Bug chuckled. He’s the computer guru for the Department of Military Sciences. And a world-class geek.
And a friend, so the threat was only half serious.
If I couldn’t find my target soon, it was going to get a lot more serious. I’d been down here in the smelly darkness for too long, and I was beginning to suspect that this whole thing was a wild goose chase.

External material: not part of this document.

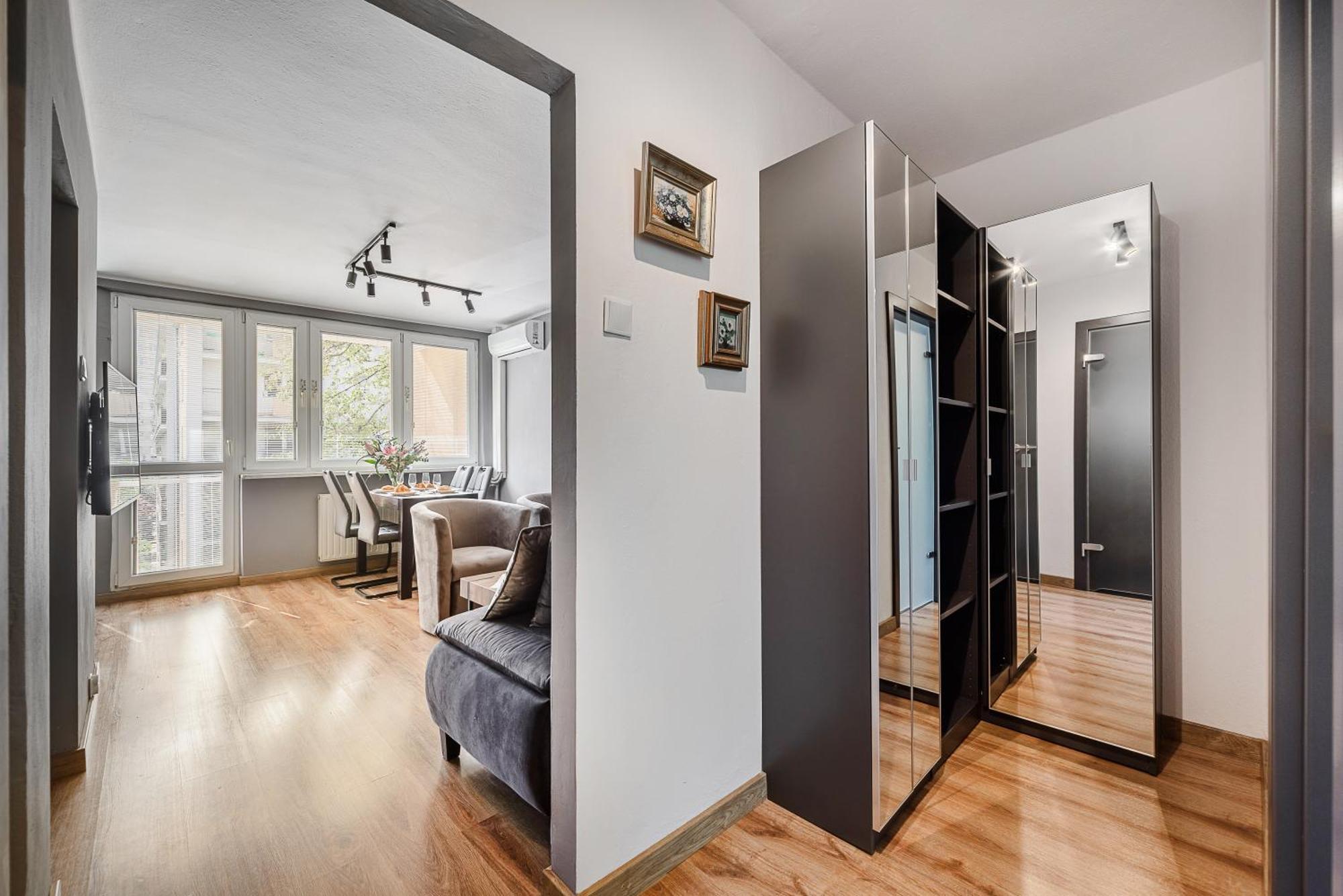 Apartamento P&o Gierymskiego Varsóvia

The mission briefing went like this….
My boss, Mr. Church, received intel about a new player in the international black market for stolen technologies. The guy’s actual identity was unknown, but the rumor mill said that he was paying top dollar for certain kinds of software, bulk research, or hardware. Interpol had formed a task force to hunt the guy, but so far he’d been as elusive as Professor Moriarty. A few associates had been bagged, but the big man himself always seemed to vanish like smoke. Barrier, the British equivalent of the DMS, reached out for our help — mostly to have our super-duper computer system, MindReader, interface with their computers and collate data from a dozen enforcement agencies in Europe, looking for useful patterns. MindReader got a whole bunch of hits, and since then every police department and intelligence service on three continents had been running down leads.